This single event was the beginning of Western irrigation as it is practiced today.

The Mormon people by nature and by church rule operated as a cooperative community. The Mormon system of issuing shares for water and attaching water rights to the land are basic to irrigation control today. The development of irrigation in Utah by the Mormons remained for some years the only substantial private irrigation enterprise in the western states. Until 1870, no large amounts of land were under irrigation except 154,000 acres reported cultivated by Mormon settlers in 1865.

In Idaho, the Mormon communities were not so concentrated and the efforts of individual farmers to put water on their land were too costly. Adding to the problems was a lack of technical know-how. Land easy to irrigate next to natural waterways was quickly settled, but the many arid acres beyond proved a unique challenge for the Idaho farmer.

Perhaps the most important action taken nationally in behalf of irrigation in Idaho was the Carey Act of August 1894. Under the Carey Act, the so-called public land states with desert lands were offered one million federal acres each, provided they would cause the granted lands to be irrigated.

Idaho benefited from the Carey Act far more than did any other state-about 60% of all the lands irrigated in the United States under the Carey Act are in Idaho.
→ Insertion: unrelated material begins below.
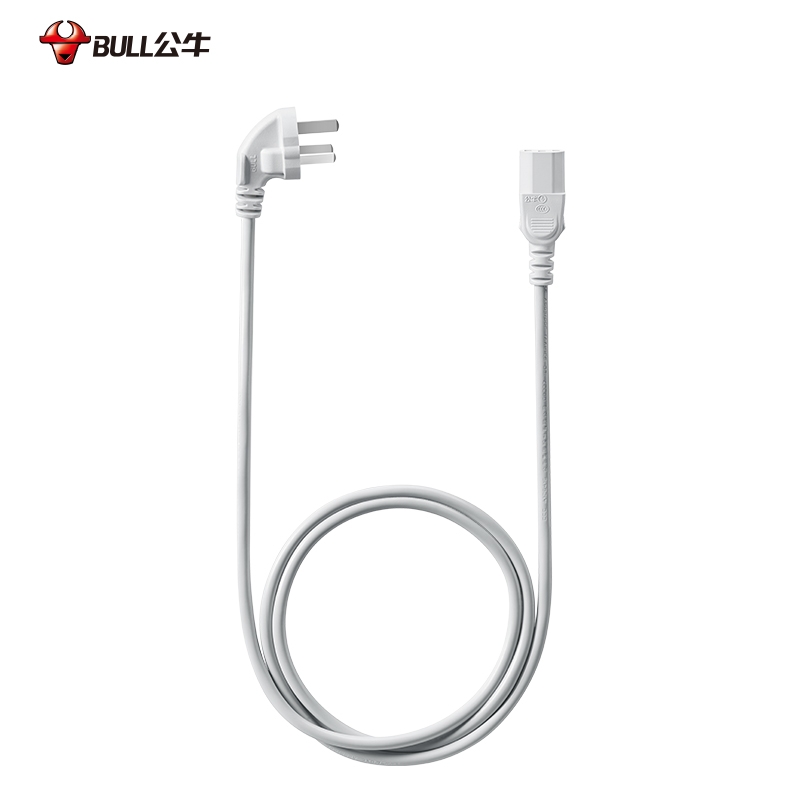 >公牛三孔品字形转换器电源线通用耐用凹槽插头耦合器J4N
The construction of the Carey Act was actually threefold and included three contracts: first, involving the federal government and the state; second, the state and the construction company; and finally, the construction company and the settlers on the project. It was a unique scheme never before attempted in the United States whereby private enterprise would construct the irrigation works under state supervision and initially finance projects by mortgaging its equity in the project, issuing bonds or assigning its contracts with the settlers for the purchase of water rights. The ultimate profit would be derived from the sale of perpetual water rights to settlers on the project.